Interactive Investor

ii view: Caterpillar costs overshadow profits beat

The pandemic has hurt but an enviable dividend track record remains. Buy, sell, or hold?

28th January 2022 15:32

Keith Bowman from interactive investor

The pandemic has hurt but an enviable dividend track record remains. Buy, sell, or hold?

Fourth-quarter results to 31 December  

  • Revenue up 23% to $13.8 billion
  • Adjusted earnings per share up 27% to $2.69
  • Quarterly dividend of $1.11 per share

Chief executive Jim Umpleby said:

“I’m proud of our global team’s continued resilience in what proved to be a challenging and dynamic operating environment. We delivered adjusted operating profit margins and ME&T free cash flows consistent with our long-term targets established during our 2019 Investor Day. Amid ongoing supply chain constraints, our team continues to execute our strategy for long-term profitable growth while striving to meet customer demand.”

ii round-up:

Heavy industrial equipment maker Caterpillar (NYSE:CAT) reported better than expected fourth-quarter earnings as it continued to recover from the pandemic, but also flagged increased costs such as materials and freight expenses weigh on margins. 

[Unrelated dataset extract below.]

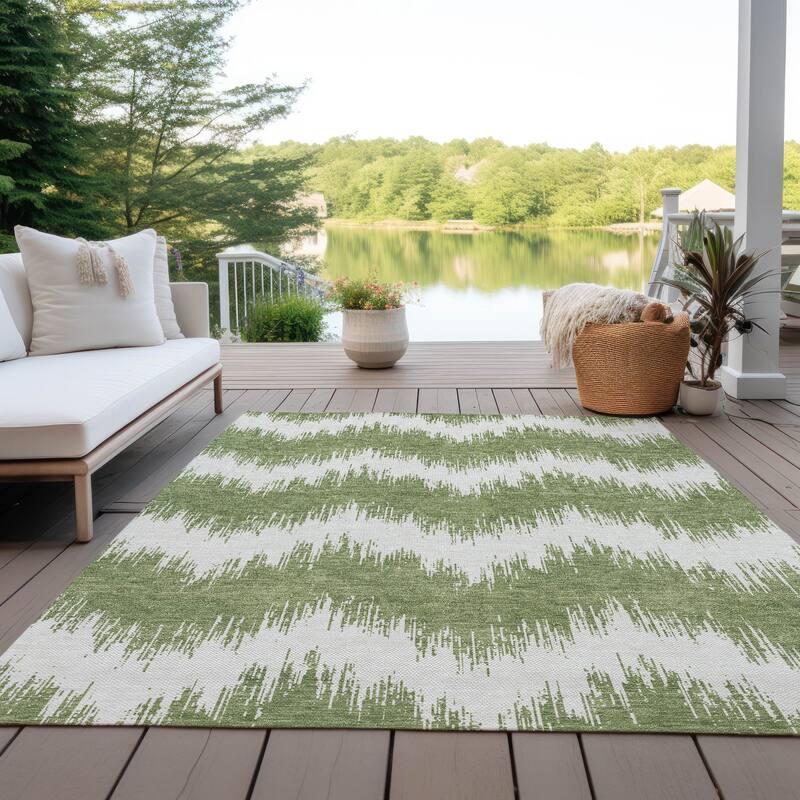 Machine Washable Indoor/ Outdoor Chantille Modern Chevron Rug - Green - 5' x 7'6"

Total revenue for the quarter rose 23% year-over-year to $13.8 billion, helping push adjusted earnings per share up 27% to $2.69. That beat Wall Street estimates of nearer to $2.25 per share. 

Caterpillar shares fell 5%, having risen by around 15% over the last year. The broad S&P index is up by a similar amount over that time, while shares for fellow heavy equipment maker Deere & Co (NYSE:DE) are up by closer to 30%.   

A constituent of the Dow Jones 30 index, Caterpillar helps its customers pave roads, mine essential commodities or extract fuels to satisfy global energy demand. It previously bought the oil and gas equipment division of the UK’s Weir Group (LSE:WEIR).

Caterpillar previously declared a quarterly dividend of $1.11 per share, unchanged from the prior quarter although up on the $1.03 declared this time last year. The digger maker has paid higher annual dividends to shareholders for more than 25 consecutive years. During 2021, it returned $5 billion through both dividends and share repurchases. 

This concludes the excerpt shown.